Ini Syarat Sekolah Tatap Muka Mulai Juli 2021 Menurut Ahli

Seorang guru bahasa Inggris sedang mengajar saat dilaksanakannya sedang sekolah tatap muka di salah satu rumah warga di Kota Kupang, NTT Senin (10/08/2020). - Antara
20 Maret 2021 00:27 WIB Oktaviano DB Hana News Share :

Harianjogja.com, JAKARTAGuru Besar Universitas Indonesia Profesor Zubairi Djoerban setuju dengan rencana pemerintah untuk membuka kembali sekolah untuk pembelajaran tatap muka pada Juli 2021.

Melalui akun Twitternya, @ProfesorZubairi, Jumat (19/3/2021) 07.56 WIB, Ketua Satuan Tugas Penanganan Covid-19 Pengurus Besar IDI (Satgas Covid-19 PB IDI) itu mengatakan opsi itu dimungkinkan, tetapi dengan satu syarat.

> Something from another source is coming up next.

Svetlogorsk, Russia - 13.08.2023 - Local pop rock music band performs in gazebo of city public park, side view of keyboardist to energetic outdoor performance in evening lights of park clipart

Ahli penyakit dalam ini menekankan bahwa pembukaan sekolah dengan sistem pembelajaran tatap muka sangat dimungkinan bila tingkat kasus positif (positivity rate) virus Corona atau Covid-19 di Indonesia berada di bawah 5 persen. Namun, dia mengaku belum yakin positivity rate di Tanah Air bisa mencapai kisaran tersebut.

"Saya setuju banget sekolah tatap muka dibuka Juli mendatang. Asalkan positivity rate kita di bawah 5 persen. Kalau bisa 3 persen, ya lebih bagus. Merem saya bilang setujunya. Apakah Indonesia bisa di bawah 5 persen? Saya tak begitu yakin, tapi tetap berharap bisa. Bismillah," tulisnya di Twitter.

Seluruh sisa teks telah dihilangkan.